▶ Problem to work on
Pictures in the records below must be left out. Return exactly the lines from the line with "Scoperte e documentate" to the line with "Gasthof Zur Strass ออยเกนดอร์ฟ ภายนอก รูปภาพ", both included.

▶ Information given
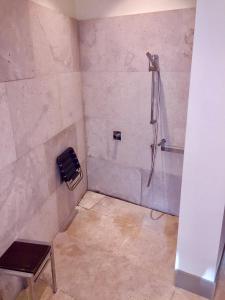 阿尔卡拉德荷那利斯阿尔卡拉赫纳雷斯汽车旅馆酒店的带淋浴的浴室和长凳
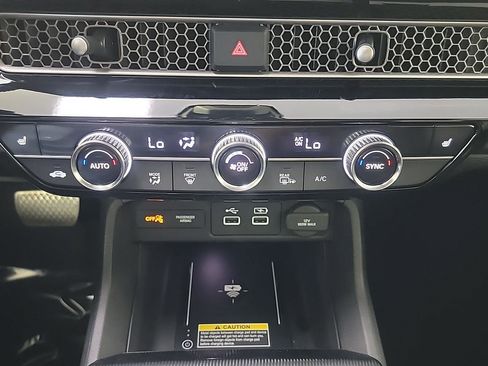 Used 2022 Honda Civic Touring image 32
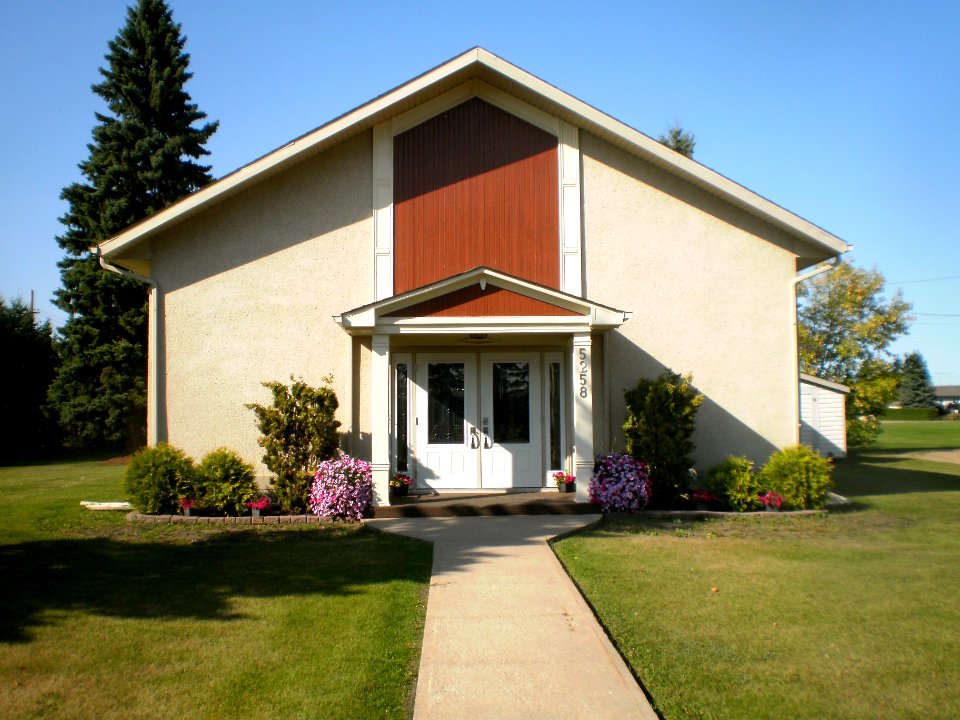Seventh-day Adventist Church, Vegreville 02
---
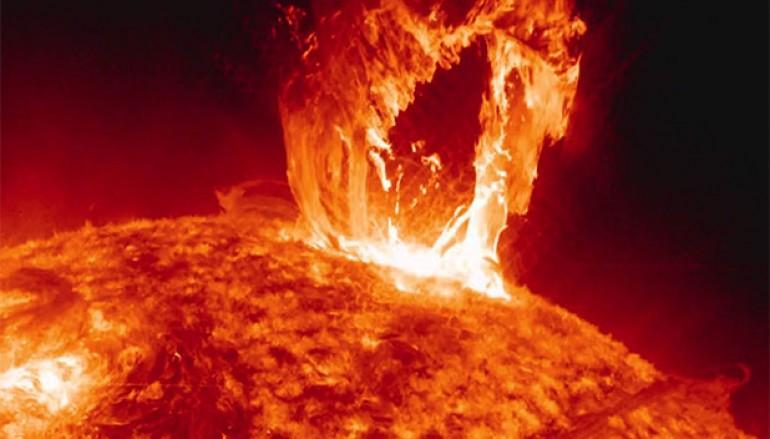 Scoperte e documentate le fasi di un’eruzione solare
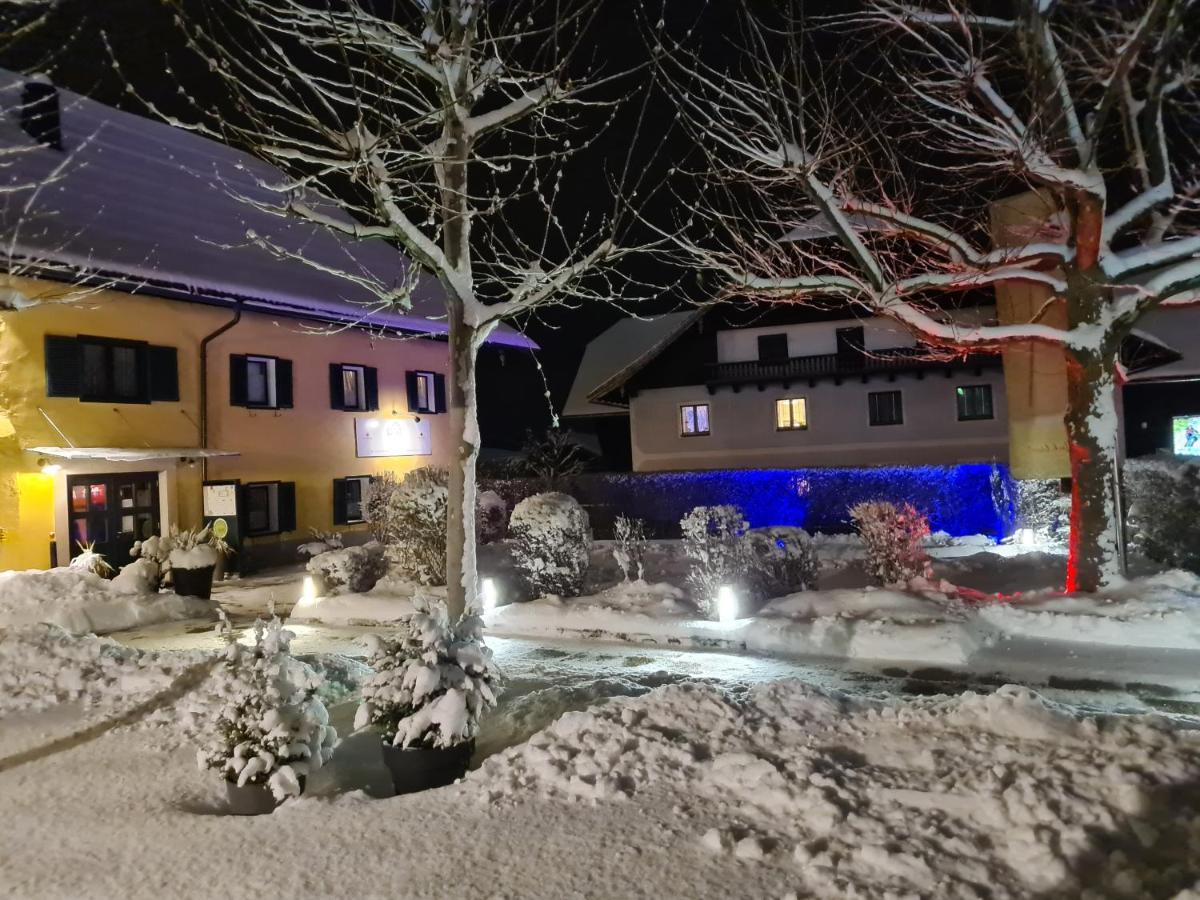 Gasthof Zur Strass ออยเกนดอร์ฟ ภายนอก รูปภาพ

▶ Output below
 Scoperte e documentate le fasi di un’eruzione solare
 Gasthof Zur Strass ออยเกนดอร์ฟ ภายนอก รูปภาพ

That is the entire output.